Dataset excerpt -
*** Begin section ***
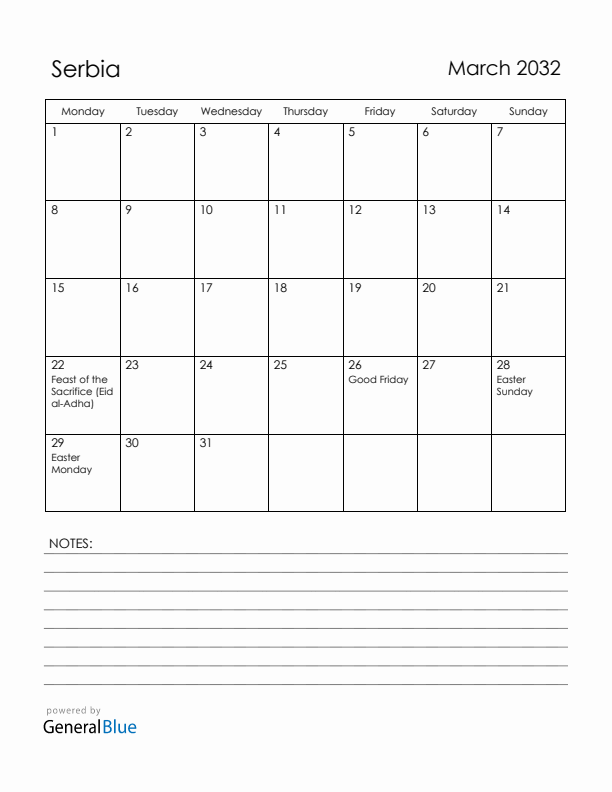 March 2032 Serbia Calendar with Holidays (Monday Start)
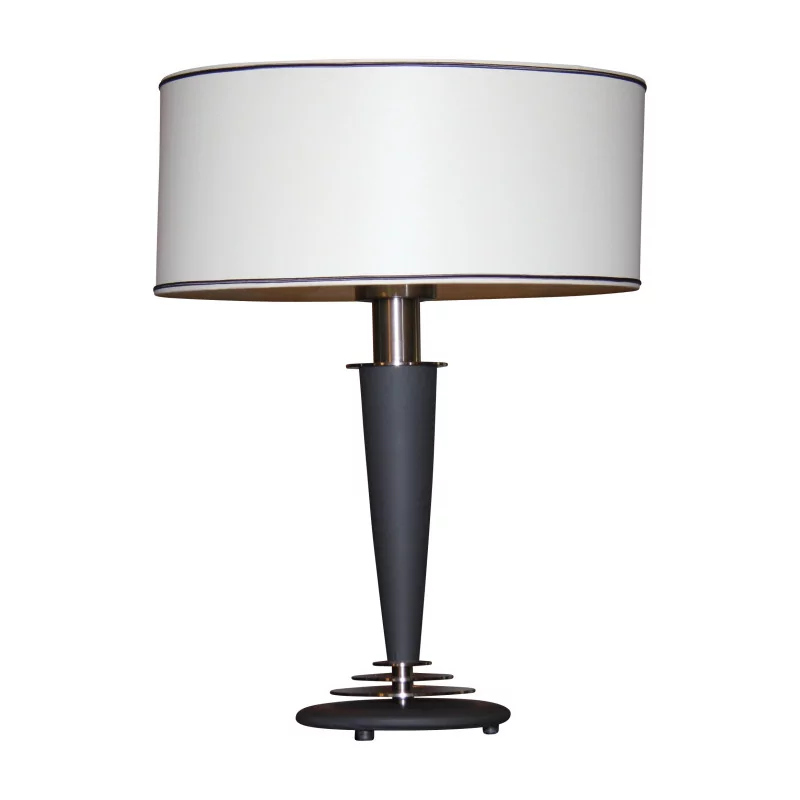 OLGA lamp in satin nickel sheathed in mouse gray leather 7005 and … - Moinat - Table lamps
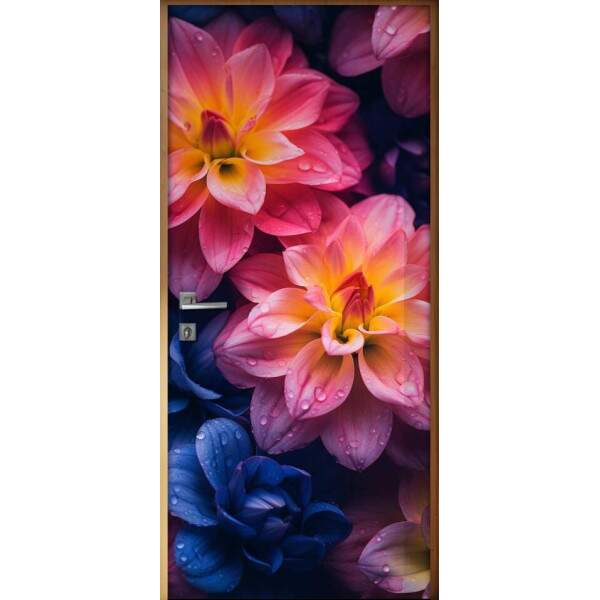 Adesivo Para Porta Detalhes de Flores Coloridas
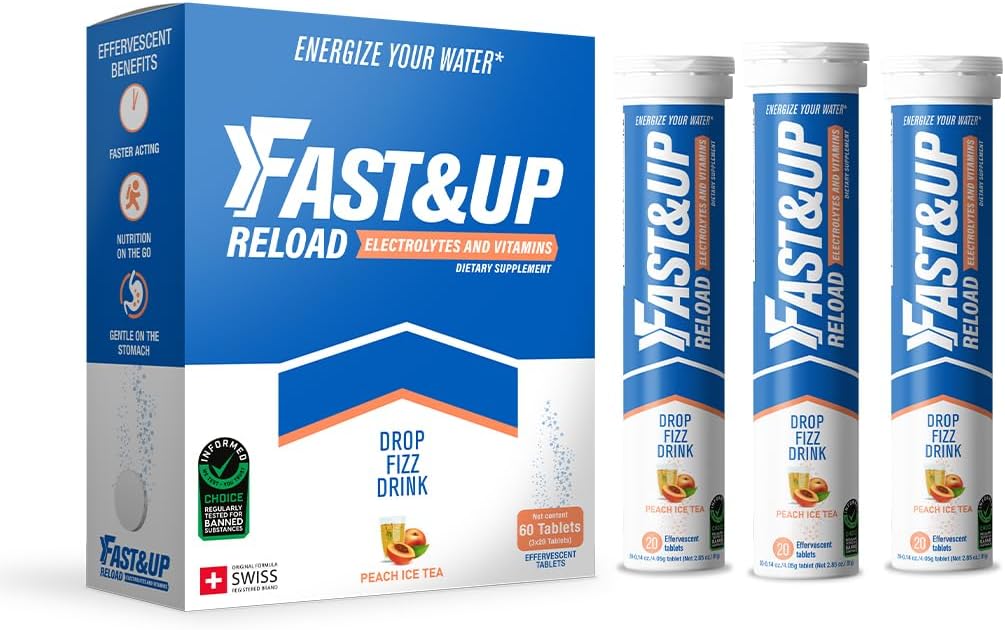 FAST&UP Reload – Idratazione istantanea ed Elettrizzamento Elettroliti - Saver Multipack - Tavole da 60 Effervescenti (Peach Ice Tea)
*** End section ***
Task item - An exact reproduction of the data is required, with pictures excluded.

Response to this exercise -
 March 2032 Serbia Calendar with Holidays (Monday Start)
 OLGA lamp in satin nickel sheathed in mouse gray leather 7005 and … - Moinat - Table lamps
 Adesivo Para Porta Detalhes de Flores Coloridas
 FAST&UP Reload – Idratazione istantanea ed Elettrizzamento Elettroliti - Saver Multipack - Tavole da 60 Effervescenti (Peach Ice Tea)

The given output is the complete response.